Meanwhile, the head of Ukraine's military administration in the Donetsk region, Pavlo Kyrylenko, also reported on Thursday that two people were killed and four wounded in Russian shelling of Kyiv-controlled areas near Donetsk.

Donetsk has been targeted in missile strikes on several occasions in recent weeks amid intense fighting.

The region is one of four in southeastern Ukraine that was annexed by Moscow in September after so-called referendums that Ukraine and its allies have branded a "sham". None of the four regions is under complete Russian control.

The head of the UK Armed Forces has claimed that Russia faces a “critical shortage” of artillery shells and its ability to fight on the ground in Ukraine is "rapidly diminishing".

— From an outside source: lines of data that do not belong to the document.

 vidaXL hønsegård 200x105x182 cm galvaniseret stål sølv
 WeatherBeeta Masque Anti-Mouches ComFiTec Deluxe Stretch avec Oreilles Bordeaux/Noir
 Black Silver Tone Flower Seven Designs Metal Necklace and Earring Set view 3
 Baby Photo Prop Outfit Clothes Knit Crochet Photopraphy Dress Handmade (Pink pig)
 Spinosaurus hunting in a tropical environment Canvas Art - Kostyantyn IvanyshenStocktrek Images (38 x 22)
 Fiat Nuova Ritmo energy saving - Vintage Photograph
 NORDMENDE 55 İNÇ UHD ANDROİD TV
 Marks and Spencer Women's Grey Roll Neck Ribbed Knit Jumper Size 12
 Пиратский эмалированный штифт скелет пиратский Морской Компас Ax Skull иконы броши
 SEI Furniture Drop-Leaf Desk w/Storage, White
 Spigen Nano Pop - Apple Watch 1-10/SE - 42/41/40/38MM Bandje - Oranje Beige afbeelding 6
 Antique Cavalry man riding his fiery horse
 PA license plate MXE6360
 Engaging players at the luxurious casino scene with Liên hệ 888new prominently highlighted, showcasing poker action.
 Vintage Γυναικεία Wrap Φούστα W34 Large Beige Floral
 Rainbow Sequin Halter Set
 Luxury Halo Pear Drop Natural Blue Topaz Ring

Meanwhile, NATO Secretary General Jens Stoltenberg recently suggested that Moscow wants to freeze fighting in Ukraine over the winter to build up its forces for a new assault in the spring.

"The Kremlin... is seeking to turn the conflict into a prolonged armed confrontation," a senior Ukrainian officer said, dismissing the possibility of a truce over the festive period.

On Wednesday, Kremlin spokesman Dmitry Peskov had said a Christmas ceasefire was "not on the agenda".

AP Photo/Alexei Alexandrov
A firefighter examines a burned car after shelling in the Russian-controlled Donetsk region.AP Photo/Alexei Alexandrov

3. Vatican apologised for Pope Francis' comments, says Moscow

Russia said on Thursday that it had received an apology over Pope Francis' comments that some Russian minority soldiers were the "cruellest" fighters in Ukraine.

Moscow had formally protested to the Vatican after Francis' comments were published last month.

The Pope singled out ethnic Chechen and Buryat minority soldiers as the "cruellest" troops in his strongest criticism so far of Russia's invasion.

Moscow has been accused of disproportionately mobilising men for Ukraine from ethnic minorities in Siberia and the Caucasus.

But Russian foreign ministry spokesperson Maria Zakharova said Russia now considered the matter closed and hoped for a constructive dialogue in the future.

The Vatican has repeatedly stated that it is ready to do anything possible to mediate and put an end to the war.

Francis, for fear of antagonising the Russian Orthodox Church, has previously blamed “mercenaries” for the atrocities being committed in Ukraine, drawing criticism from the Kyiv government.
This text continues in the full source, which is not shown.